Modeling scene geometry using implicit neural representation has revealed its advantages in accuracy, flexibility, and low memory usage. Previous approaches have demonstrated impressive results using color or depth images but still have difficulty handling poor light conditions and large-scale scenes. Methods taking global point cloud as input require accurate registration and ground truth coordinate labels, which limits their application scenarios. In this paper, we propose a new method that uses sparse LiDAR point clouds and rough odometry to reconstruct fine-grained implicit occupancy field efficiently within a few minutes. We introduce a new loss function that supervises directly in 3D space without 2D rendering, avoiding information loss. We also manage to refine poses of input frames in an end-to-end manner, creating consistent geometry without global point cloud registration. As far as we know, our method is the first to reconstruct implicit scene representation from LiDAR-only input. Experiments on synthetic and real-world datasets, including indoor and outdoor scenes, prove that our method is effective, efficient, and accurate, obtaining comparable results with existing methods using dense input.
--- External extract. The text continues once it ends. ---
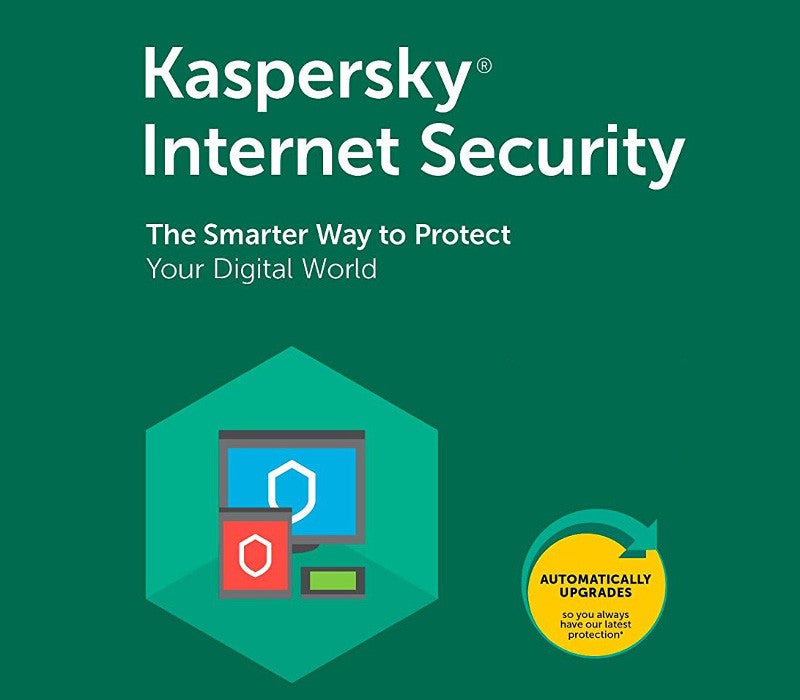 Kaspersky Internet Security 2025 Key (1 Year / 1 Device)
翻译：使用隐式神经表示建模场景几何在精度、灵活性和低内存消耗方面展现出优势。先前的方法利用彩色或深度图像取得了令人印象深刻的结果，但在处理光照条件差和大规模场景时仍存在困难。以全局点云作为输入的方法需要精确配准和真实坐标标签，限制了其应用场景。本文提出了一种新方法，该方法利用稀疏激光雷达点云和粗略里程计，在几分钟内高效重建细粒度隐式占用场。我们引入了一种新型损失函数，在不经过二维渲染的情况下直接对三维空间进行监督，避免了信息丢失。同时，我们以端到端方式优化输入帧的位姿，无需全局点云配准即可生成一致的几何结构。据我们所知，我们的方法是首个仅基于激光雷达输入重建隐式场景表示的方法。在包含室内外场景的合成和真实数据集上的实验证明，我们的方法有效、高效且精确，能够获得与使用密集输入的现有方法相当的结果。